(Short web captions)
======

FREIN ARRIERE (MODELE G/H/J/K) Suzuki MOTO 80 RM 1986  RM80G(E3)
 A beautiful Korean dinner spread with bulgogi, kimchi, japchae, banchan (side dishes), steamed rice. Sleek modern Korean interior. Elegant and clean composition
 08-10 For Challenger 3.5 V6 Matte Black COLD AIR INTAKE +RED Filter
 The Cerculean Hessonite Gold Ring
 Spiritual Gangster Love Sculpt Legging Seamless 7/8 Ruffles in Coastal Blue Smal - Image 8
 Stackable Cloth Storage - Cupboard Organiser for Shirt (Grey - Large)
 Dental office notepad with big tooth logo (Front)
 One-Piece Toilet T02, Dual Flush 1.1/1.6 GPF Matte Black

======

▸ **Your goal**
Scan the records for the word "Black". Copy each line where it turns up.

▸ **Reply to the task**
 08-10 For Challenger 3.5 V6 Matte Black COLD AIR INTAKE +RED Filter
 One-Piece Toilet T02, Dual Flush 1.1/1.6 GPF Matte Black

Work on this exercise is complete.